# Jelly Bean Parrot eggs



## conix67 (Jul 27, 2008)

My Jelly Bean Parrot spawned. Here's the picture of her guarding the eggs.










Here's a full tank shot. A lot of fishes to guard against.


----------



## pat3612 (Jan 29, 2008)

Congrats on the spawn nice looking tank. She has her work cut out for herself.


----------



## Jackson (Jan 30, 2009)

Vry nice 

where is the male?


----------



## Cory (May 2, 2008)

Happy to see theyre spawning for you


----------



## conix67 (Jul 27, 2008)

The male is now on hunt for the other female. I was hoping he would team up with the female to guard the eggs together.

Cory, yeah these guys grew more quickly than I expected. Thanks for the healthy little guys, they are all doing well.


----------



## conix67 (Jul 27, 2008)

Update - eggs all hatched, little frys wiggling around


----------



## Cory (May 2, 2008)

Lol yah the males can sometimes be a bit too focused on spreading their seed and will move from female to female. The nice thing is the female JBPs are extremely defensive of their young so she wont be letting anyone near them. When they start to swim around on their own it will be more difficult for her to protect them but some should make it to a size where other fish will leave them alone. It depends on who theyre living with of course. If you've got big mean aggressive fish in there then their chances will naturally be lower . 

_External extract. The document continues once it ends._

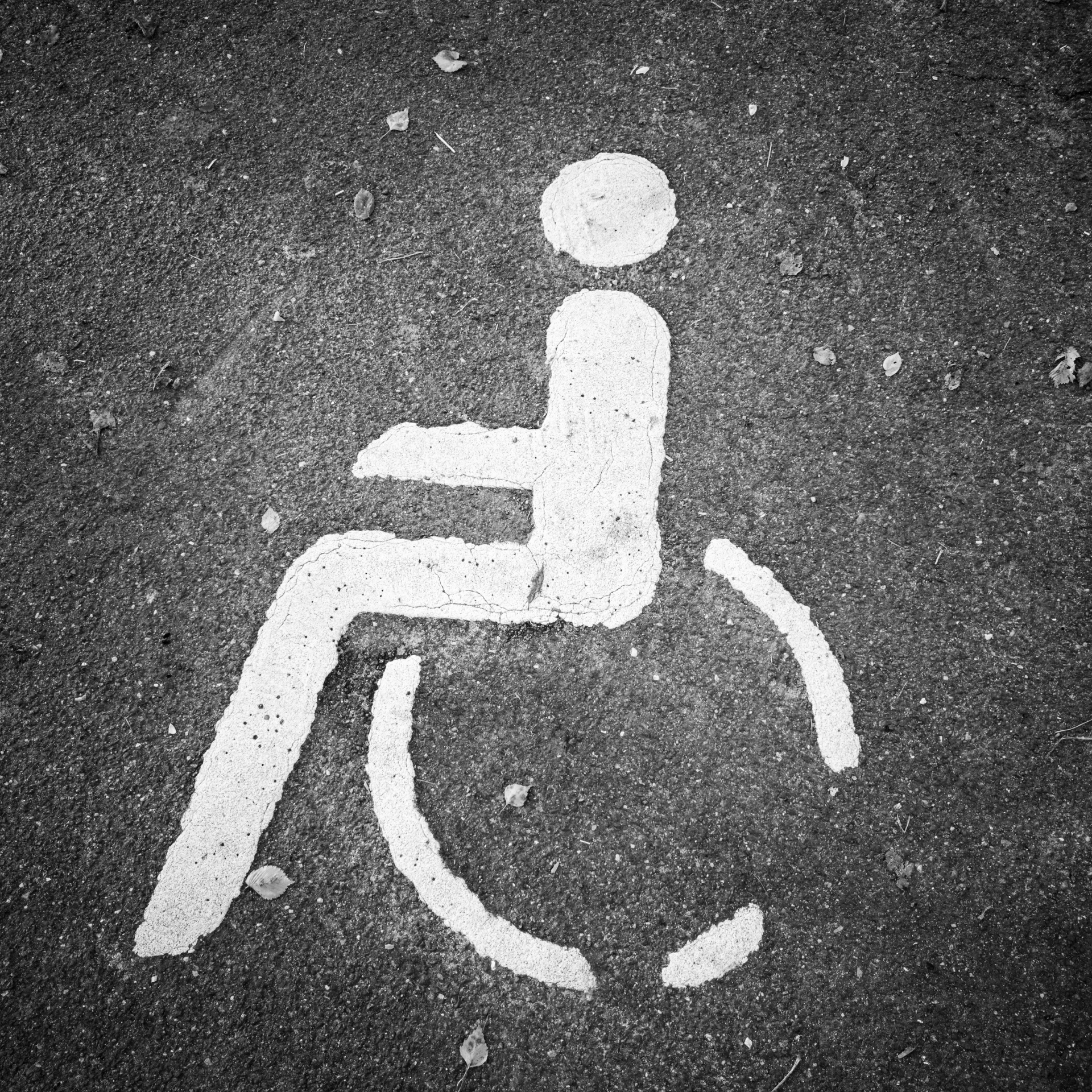 Three pieces of yellow road construction equipment paving a road against a clear blue sky.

I envy you though in the sense that you get to see it play out on a more natural level. As you know, mine are in a tank on their own so I never REALLY get to see the parental behaviors in full gear. I might set up another pair in a community cichlid tank at some point to watch it though.. if I ever have spare tank space.. which will probably never happen but anyways 

Great to see things going well, looks like there's a ton of fry in there!


----------



## conix67 (Jul 27, 2008)

Update - eggs all hatched, frys free swimming now










Here's another shot with the mommy










The little ones don't listen to the mommy. They are so curious, can't sit still inside that potty cave. Some began to wonder around, some are gone even though the mommy is guarding really hard!

I wonder if I should try to save them. They are struggling to survive, but this is part of their life.


----------



## conix67 (Jul 27, 2008)

Well, these little guys are almost all gone! The mommy tried her best but several fishes gathered around free swimming frys all at once and she couldn't do much. About 10 survived (out of over 100) and I sucked them out of the tank, now in a breeding net inside a separate tank.

I knew the babies won't survive but couldn't let all of them die like that...


----------



## sawman88 (Sep 29, 2008)

Jelly bean parrots are a riot to watch them breed. I keep my pair in a 15 gal with 2 pipes and a ton of sand. they like to dig creators to keep their fry in. its funny to watch the parents constantly pick up the fry and spit them back in the hole.


----------



## tobalman (Mar 31, 2006)

Love the picture of free swimming fry. Great shots.


----------